## Task
What you return must match the records below exactly, down to each character.
Top of Input
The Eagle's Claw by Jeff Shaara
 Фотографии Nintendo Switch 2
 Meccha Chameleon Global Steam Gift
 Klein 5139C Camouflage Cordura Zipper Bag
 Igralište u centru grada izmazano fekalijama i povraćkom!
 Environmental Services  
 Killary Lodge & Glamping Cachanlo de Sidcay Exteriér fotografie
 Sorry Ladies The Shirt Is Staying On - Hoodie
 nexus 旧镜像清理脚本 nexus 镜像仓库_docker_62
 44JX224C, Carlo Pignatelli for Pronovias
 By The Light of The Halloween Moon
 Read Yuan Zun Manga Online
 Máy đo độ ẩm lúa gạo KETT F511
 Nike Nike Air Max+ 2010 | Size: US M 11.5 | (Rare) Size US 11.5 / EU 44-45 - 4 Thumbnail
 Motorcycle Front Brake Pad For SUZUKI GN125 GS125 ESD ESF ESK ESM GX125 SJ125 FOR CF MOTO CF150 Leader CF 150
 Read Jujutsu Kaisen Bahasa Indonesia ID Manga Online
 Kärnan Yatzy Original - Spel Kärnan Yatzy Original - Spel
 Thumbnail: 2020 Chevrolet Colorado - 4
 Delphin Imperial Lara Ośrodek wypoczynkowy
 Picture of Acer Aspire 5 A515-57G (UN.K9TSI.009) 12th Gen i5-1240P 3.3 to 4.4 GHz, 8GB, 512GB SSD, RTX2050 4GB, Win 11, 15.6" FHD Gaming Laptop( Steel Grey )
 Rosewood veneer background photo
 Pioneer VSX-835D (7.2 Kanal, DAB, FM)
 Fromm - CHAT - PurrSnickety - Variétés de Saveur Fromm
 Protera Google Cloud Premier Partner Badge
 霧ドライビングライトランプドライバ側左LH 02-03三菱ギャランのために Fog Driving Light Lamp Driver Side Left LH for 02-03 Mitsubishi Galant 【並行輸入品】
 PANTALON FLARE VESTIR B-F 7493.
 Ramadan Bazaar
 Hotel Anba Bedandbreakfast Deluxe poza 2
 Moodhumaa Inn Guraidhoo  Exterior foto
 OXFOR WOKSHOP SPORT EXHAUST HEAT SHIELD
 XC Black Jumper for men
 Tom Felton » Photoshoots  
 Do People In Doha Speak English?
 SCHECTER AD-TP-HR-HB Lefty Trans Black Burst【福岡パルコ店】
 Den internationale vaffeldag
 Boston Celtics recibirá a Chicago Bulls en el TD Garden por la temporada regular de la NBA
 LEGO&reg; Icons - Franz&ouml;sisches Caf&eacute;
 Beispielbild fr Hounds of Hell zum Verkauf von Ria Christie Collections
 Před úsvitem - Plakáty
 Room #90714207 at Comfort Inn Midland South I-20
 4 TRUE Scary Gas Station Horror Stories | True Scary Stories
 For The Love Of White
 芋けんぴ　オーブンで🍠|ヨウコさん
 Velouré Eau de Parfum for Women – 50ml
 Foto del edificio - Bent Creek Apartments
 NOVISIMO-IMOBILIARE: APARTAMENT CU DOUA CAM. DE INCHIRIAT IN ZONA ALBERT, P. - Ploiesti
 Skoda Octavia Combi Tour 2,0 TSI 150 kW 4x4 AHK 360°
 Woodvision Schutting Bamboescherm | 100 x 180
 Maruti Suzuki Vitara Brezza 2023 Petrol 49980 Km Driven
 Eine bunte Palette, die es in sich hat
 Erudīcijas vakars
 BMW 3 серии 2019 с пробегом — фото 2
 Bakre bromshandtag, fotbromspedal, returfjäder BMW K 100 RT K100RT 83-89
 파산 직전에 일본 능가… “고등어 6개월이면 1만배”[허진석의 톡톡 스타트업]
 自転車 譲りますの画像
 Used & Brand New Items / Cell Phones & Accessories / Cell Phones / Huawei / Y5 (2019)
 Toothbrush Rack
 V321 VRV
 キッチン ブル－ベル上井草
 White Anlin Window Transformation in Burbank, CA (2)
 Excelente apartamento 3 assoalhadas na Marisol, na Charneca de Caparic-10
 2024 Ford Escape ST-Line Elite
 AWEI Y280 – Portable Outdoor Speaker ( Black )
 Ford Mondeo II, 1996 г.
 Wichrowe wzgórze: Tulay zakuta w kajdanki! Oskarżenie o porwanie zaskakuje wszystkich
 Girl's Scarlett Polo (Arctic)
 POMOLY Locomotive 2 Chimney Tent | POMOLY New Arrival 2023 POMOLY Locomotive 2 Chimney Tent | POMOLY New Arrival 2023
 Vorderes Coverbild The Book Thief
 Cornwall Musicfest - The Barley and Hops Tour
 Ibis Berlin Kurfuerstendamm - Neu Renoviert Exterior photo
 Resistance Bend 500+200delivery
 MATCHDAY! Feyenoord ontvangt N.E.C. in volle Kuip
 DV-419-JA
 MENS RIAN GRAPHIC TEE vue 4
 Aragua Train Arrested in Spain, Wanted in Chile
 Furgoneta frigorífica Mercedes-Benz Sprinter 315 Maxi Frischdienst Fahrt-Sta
Bottom of Input
## Answer space
The Eagle's Claw by Jeff Shaara
 Фотографии Nintendo Switch 2
 Meccha Chameleon Global Steam Gift
 Klein 5139C Camouflage Cordura Zipper Bag
 Igralište u centru grada izmazano fekalijama i povraćkom!
 Environmental Services  
 Killary Lodge & Glamping Cachanlo de Sidcay Exteriér fotografie
 Sorry Ladies The Shirt Is Staying On - Hoodie
 nexus 旧镜像清理脚本 nexus 镜像仓库_docker_62
 44JX224C, Carlo Pignatelli for Pronovias
 By The Light of The Halloween Moon
 Read Yuan Zun Manga Online
 Máy đo độ ẩm lúa gạo KETT F511
 Nike Nike Air Max+ 2010 | Size: US M 11.5 | (Rare) Size US 11.5 / EU 44-45 - 4 Thumbnail
 Motorcycle Front Brake Pad For SUZUKI GN125 GS125 ESD ESF ESK ESM GX125 SJ125 FOR CF MOTO CF150 Leader CF 150
 Read Jujutsu Kaisen Bahasa Indonesia ID Manga Online
 Kärnan Yatzy Original - Spel Kärnan Yatzy Original - Spel
 Thumbnail: 2020 Chevrolet Colorado - 4
 Delphin Imperial Lara Ośrodek wypoczynkowy
 Picture of Acer Aspire 5 A515-57G (UN.K9TSI.009) 12th Gen i5-1240P 3.3 to 4.4 GHz, 8GB, 512GB SSD, RTX2050 4GB, Win 11, 15.6" FHD Gaming Laptop( Steel Grey )
 Rosewood veneer background photo
 Pioneer VSX-835D (7.2 Kanal, DAB, FM)
 Fromm - CHAT - PurrSnickety - Variétés de Saveur Fromm
 Protera Google Cloud Premier Partner Badge
 霧ドライビングライトランプドライバ側左LH 02-03三菱ギャランのために Fog Driving Light Lamp Driver Side Left LH for 02-03 Mitsubishi Galant 【並行輸入品】
 PANTALON FLARE VESTIR B-F 7493.
 Ramadan Bazaar
 Hotel Anba Bedandbreakfast Deluxe poza 2
 Moodhumaa Inn Guraidhoo  Exterior foto
 OXFOR WOKSHOP SPORT EXHAUST HEAT SHIELD
 XC Black Jumper for men
 Tom Felton » Photoshoots  
 Do People In Doha Speak English?
 SCHECTER AD-TP-HR-HB Lefty Trans Black Burst【福岡パルコ店】
 Den internationale vaffeldag
 Boston Celtics recibirá a Chicago Bulls en el TD Garden por la temporada regular de la NBA
 LEGO&reg; Icons - Franz&ouml;sisches Caf&eacute;
 Beispielbild fr Hounds of Hell zum Verkauf von Ria Christie Collections
 Před úsvitem - Plakáty
 Room #90714207 at Comfort Inn Midland South I-20
 4 TRUE Scary Gas Station Horror Stories | True Scary Stories
 For The Love Of White
 芋けんぴ　オーブンで🍠|ヨウコさん
 Velouré Eau de Parfum for Women – 50ml
 Foto del edificio - Bent Creek Apartments
 NOVISIMO-IMOBILIARE: APARTAMENT CU DOUA CAM. DE INCHIRIAT IN ZONA ALBERT, P. - Ploiesti
 Skoda Octavia Combi Tour 2,0 TSI 150 kW 4x4 AHK 360°
 Woodvision Schutting Bamboescherm | 100 x 180
 Maruti Suzuki Vitara Brezza 2023 Petrol 49980 Km Driven
 Eine bunte Palette, die es in sich hat
 Erudīcijas vakars
 BMW 3 серии 2019 с пробегом — фото 2
 Bakre bromshandtag, fotbromspedal, returfjäder BMW K 100 RT K100RT 83-89
 파산 직전에 일본 능가… “고등어 6개월이면 1만배”[허진석의 톡톡 스타트업]
 自転車 譲りますの画像
 Used & Brand New Items / Cell Phones & Accessories / Cell Phones / Huawei / Y5 (2019)
 Toothbrush Rack
 V321 VRV
 キッチン ブル－ベル上井草
 White Anlin Window Transformation in Burbank, CA (2)
 Excelente apartamento 3 assoalhadas na Marisol, na Charneca de Caparic-10
 2024 Ford Escape ST-Line Elite
 AWEI Y280 – Portable Outdoor Speaker ( Black )
 Ford Mondeo II, 1996 г.
 Wichrowe wzgórze: Tulay zakuta w kajdanki! Oskarżenie o porwanie zaskakuje wszystkich
 Girl's Scarlett Polo (Arctic)
 POMOLY Locomotive 2 Chimney Tent | POMOLY New Arrival 2023 POMOLY Locomotive 2 Chimney Tent | POMOLY New Arrival 2023
 Vorderes Coverbild The Book Thief
 Cornwall Musicfest - The Barley and Hops Tour
 Ibis Berlin Kurfuerstendamm - Neu Renoviert Exterior photo
 Resistance Bend 500+200delivery
 MATCHDAY! Feyenoord ontvangt N.E.C. in volle Kuip
 DV-419-JA
 MENS RIAN GRAPHIC TEE vue 4
 Aragua Train Arrested in Spain, Wanted in Chile
 Furgoneta frigorífica Mercedes-Benz Sprinter 315 Maxi Frischdienst Fahrt-Sta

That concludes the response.